Wednesday, September 19, 2012

Sen. Ellis: We Have A Voter Rolls Problem

In a letter to the editor of the The Statesman, Texas Senator Rodney Ellis (D-13) explains the dead voter purge problem that tens of thousands of live voters may face when they go to vote, starting on October 22, 2012.

In the past week, thousands of voters across Texas opened their mailboxes to learn that they might be dead. It was quite a shock to many of them.

This week, I began receiving calls from constituents who had received letters from Harris County voting officials stating the government had obtained information indicating they were deceased and, unless they responded to the letter within 30 days, their voter registration will be canceled. Thousands of such letters apparently have gone out across the state.

Here's the back story:
Last year, the legislature passed a bill, HB 174, instructing the secretary of state to coordinate with county election officials to clean up voter rolls across Texas.

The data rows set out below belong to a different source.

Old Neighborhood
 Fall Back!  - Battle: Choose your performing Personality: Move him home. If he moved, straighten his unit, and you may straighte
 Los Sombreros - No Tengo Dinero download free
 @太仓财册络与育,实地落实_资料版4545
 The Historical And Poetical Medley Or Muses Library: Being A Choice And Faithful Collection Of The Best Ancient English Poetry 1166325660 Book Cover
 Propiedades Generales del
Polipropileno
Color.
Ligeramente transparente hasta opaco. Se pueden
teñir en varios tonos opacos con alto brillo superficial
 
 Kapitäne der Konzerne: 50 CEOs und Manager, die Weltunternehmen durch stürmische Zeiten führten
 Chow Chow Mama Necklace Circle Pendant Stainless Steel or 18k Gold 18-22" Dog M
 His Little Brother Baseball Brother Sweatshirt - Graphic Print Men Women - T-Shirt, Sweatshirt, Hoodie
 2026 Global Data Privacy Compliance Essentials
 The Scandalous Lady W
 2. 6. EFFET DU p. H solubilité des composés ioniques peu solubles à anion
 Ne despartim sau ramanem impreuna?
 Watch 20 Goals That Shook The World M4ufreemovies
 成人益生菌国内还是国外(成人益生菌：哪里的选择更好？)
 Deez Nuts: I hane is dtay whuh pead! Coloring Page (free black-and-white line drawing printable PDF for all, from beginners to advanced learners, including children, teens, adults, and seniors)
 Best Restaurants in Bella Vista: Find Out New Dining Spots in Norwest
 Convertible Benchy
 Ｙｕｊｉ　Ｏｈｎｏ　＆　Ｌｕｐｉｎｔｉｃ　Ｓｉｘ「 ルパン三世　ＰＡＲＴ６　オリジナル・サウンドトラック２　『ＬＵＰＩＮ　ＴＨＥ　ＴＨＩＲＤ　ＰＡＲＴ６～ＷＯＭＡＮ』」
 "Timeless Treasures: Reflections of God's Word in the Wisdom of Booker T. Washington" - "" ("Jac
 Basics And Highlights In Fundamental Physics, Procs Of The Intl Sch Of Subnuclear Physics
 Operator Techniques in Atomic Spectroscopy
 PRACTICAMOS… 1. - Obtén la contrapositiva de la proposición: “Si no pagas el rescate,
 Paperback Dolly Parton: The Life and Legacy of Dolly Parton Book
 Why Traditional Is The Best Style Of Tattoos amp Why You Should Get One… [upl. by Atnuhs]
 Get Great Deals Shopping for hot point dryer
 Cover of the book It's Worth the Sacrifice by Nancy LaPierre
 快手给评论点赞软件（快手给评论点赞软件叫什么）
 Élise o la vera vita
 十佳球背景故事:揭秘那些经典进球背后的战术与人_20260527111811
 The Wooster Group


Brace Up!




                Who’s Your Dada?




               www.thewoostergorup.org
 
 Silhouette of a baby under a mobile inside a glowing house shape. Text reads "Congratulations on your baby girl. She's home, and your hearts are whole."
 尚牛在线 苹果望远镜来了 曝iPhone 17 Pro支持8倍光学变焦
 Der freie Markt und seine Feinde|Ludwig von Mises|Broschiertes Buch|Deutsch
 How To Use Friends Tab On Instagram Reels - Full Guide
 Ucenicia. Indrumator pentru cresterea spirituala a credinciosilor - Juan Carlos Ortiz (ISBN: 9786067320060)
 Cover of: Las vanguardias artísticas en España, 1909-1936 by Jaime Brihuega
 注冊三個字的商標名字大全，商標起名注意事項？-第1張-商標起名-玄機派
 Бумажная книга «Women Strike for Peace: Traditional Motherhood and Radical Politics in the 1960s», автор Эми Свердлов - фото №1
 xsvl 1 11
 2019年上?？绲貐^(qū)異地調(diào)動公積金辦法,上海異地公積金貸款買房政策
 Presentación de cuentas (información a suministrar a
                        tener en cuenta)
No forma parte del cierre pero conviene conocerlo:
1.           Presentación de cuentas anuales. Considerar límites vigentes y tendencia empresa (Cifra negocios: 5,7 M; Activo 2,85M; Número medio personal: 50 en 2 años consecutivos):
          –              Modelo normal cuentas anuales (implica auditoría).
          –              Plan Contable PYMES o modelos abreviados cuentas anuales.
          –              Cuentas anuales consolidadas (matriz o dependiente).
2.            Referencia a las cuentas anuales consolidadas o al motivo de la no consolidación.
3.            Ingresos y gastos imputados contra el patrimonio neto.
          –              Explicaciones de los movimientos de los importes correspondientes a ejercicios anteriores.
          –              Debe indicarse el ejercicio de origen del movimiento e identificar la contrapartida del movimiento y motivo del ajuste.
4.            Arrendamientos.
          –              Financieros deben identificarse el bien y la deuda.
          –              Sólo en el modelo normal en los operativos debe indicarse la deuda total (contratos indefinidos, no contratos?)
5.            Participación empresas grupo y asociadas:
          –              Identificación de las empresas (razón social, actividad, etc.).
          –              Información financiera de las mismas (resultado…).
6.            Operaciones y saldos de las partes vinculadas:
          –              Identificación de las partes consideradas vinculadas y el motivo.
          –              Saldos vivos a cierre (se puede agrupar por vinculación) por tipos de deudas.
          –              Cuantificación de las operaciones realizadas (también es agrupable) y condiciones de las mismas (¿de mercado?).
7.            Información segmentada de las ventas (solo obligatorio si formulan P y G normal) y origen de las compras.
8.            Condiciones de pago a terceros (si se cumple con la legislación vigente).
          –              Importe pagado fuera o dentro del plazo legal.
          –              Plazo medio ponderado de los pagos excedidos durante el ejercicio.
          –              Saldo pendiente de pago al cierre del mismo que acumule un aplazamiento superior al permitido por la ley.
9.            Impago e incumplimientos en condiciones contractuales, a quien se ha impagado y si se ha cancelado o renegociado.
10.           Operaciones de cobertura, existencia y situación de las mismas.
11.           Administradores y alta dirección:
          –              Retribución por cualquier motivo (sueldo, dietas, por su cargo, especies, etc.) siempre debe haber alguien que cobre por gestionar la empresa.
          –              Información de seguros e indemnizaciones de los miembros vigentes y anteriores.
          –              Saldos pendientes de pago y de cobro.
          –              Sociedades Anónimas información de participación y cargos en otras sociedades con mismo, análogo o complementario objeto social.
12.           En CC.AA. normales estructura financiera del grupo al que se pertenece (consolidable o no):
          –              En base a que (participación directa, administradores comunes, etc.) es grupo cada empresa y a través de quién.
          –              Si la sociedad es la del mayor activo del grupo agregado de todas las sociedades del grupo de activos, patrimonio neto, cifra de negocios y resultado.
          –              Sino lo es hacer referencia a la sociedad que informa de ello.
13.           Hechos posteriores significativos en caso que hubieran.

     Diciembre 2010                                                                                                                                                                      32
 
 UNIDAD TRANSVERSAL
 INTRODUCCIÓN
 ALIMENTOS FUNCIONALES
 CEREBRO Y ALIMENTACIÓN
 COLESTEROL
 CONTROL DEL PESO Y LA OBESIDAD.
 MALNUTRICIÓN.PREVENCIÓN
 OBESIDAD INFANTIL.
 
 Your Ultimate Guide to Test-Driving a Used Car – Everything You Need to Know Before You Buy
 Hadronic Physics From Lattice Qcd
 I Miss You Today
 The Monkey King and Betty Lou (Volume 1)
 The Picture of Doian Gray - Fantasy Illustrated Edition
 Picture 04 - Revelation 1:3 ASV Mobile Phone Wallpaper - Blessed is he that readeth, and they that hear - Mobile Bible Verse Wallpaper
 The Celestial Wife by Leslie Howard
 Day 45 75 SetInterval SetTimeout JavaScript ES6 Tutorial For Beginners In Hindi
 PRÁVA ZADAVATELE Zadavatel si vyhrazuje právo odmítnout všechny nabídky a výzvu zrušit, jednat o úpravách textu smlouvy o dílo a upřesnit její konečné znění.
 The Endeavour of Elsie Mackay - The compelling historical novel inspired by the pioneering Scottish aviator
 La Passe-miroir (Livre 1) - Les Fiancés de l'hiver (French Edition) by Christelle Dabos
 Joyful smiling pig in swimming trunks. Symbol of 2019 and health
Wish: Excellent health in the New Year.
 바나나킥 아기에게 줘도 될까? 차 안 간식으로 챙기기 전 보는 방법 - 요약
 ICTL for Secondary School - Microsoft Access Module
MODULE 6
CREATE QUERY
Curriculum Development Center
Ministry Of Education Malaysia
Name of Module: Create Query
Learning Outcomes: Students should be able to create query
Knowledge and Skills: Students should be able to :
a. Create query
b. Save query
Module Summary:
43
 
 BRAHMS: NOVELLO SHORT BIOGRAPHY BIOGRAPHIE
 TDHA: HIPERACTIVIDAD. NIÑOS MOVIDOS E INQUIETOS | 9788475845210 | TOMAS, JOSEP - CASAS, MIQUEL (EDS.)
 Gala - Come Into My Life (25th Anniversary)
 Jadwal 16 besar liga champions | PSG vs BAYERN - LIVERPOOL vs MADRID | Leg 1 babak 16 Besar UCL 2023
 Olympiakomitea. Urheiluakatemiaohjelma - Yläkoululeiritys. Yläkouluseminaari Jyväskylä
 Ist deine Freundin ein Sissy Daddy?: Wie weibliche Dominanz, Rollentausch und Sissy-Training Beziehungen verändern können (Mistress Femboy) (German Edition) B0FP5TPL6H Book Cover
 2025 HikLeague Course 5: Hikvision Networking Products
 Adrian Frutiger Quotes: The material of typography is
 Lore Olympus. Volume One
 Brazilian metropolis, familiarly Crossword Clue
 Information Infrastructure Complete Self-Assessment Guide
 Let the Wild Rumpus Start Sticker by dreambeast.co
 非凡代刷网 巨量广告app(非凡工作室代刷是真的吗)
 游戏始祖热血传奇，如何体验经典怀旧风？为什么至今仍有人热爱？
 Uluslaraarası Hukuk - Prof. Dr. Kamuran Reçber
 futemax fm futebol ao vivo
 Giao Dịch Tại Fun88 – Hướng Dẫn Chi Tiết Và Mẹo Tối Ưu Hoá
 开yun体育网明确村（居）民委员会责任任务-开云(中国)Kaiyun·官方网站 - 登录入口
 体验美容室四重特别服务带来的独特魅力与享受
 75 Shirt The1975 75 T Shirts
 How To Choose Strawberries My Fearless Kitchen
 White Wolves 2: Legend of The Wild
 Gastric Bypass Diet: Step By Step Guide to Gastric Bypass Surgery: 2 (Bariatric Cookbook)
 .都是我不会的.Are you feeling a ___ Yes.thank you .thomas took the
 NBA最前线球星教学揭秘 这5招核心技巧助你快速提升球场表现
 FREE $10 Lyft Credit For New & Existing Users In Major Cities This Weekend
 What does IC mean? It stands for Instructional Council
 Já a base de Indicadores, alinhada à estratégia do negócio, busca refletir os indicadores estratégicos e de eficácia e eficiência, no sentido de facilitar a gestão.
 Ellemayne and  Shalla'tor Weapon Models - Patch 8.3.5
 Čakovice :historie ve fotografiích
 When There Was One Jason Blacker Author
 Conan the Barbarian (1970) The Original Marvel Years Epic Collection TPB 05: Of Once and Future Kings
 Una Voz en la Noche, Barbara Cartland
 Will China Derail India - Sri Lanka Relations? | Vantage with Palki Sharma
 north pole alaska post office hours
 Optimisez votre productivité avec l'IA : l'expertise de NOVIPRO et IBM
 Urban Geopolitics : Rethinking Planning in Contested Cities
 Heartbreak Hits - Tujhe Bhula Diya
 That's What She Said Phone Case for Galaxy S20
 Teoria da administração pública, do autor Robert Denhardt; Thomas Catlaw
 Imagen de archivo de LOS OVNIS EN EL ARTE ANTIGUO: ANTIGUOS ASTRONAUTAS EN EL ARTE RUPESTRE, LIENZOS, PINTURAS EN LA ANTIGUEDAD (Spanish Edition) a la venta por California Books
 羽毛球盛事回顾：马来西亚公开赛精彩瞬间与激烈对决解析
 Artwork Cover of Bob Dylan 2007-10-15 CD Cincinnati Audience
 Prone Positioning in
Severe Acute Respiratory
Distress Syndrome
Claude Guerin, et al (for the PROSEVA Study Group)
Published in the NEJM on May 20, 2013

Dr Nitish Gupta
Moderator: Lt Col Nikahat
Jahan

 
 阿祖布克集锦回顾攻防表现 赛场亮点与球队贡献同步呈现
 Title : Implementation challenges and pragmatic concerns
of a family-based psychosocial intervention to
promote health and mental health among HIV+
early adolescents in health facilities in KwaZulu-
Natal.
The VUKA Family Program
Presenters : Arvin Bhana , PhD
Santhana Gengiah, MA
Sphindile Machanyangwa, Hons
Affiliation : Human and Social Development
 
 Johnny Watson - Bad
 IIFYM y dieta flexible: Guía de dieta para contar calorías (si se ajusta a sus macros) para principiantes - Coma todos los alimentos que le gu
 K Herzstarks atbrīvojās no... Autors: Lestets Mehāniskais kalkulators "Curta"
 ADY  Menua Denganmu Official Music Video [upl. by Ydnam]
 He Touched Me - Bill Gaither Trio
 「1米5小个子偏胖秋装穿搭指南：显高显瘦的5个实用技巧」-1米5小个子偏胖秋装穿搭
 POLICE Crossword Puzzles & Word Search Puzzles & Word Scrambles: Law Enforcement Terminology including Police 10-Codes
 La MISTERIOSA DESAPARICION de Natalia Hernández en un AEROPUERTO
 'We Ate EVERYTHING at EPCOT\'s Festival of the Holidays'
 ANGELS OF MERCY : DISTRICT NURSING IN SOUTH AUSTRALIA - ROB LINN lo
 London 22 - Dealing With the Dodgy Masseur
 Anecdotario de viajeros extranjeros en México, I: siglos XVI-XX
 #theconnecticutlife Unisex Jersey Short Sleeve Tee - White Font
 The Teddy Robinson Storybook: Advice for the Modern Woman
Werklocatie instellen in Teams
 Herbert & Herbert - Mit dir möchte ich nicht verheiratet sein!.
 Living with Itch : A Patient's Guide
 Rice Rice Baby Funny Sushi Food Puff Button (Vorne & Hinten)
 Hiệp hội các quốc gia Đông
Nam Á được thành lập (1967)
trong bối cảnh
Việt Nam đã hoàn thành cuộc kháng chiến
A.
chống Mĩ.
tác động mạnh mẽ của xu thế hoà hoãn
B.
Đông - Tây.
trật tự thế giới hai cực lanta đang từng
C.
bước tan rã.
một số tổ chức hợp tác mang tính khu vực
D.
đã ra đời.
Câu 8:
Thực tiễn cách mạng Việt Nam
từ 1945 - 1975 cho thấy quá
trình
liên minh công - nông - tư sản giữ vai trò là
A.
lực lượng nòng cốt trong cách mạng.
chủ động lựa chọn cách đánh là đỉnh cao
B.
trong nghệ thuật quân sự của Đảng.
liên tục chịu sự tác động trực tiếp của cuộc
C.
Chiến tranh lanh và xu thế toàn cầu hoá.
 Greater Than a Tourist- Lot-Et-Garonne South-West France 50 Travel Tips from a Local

The law, a straightforward plan to remove deceased voters from election lists, passed with overwhelming bipartisan support because we all agree maintaining accurate election lists is vital to running fair and efficient elections. It went into effect Sept. 1 — of last year.

Thanks to the complexity of the task at hand, bureaucratic red tape and the sometimes slothlike pace in which federal, state and county governments coordinate, the final and most critical phase of the cleanup effort is only just now beginning, fewer than 55 days from Election Day and barely a month from the beginning of early voting.

The list of "potentially deceased voters" comes from the Texas secretary of state's office, which gets it from the federal Social Security Administration, finesses it, and then sends it on to Texas county voting officials. The list is more of an "FYI, someone in your area named John Doe has passed on, you should double-check on that," rather than a directive stating "John Doe at 123 Fake Street is definitely dead, remove him from the voter roll."

The confusion, database errors, and rapidly approaching deadline raise the specter that thousands of legal Texas voters could be denied their right to vote as a result of a clearly flawed voter purge. Election officials are downplaying that concern, saying that anyone "mistakenly" removed from the voter lists will be able to easily rectify the situation on Election Day and have his or her vote counted.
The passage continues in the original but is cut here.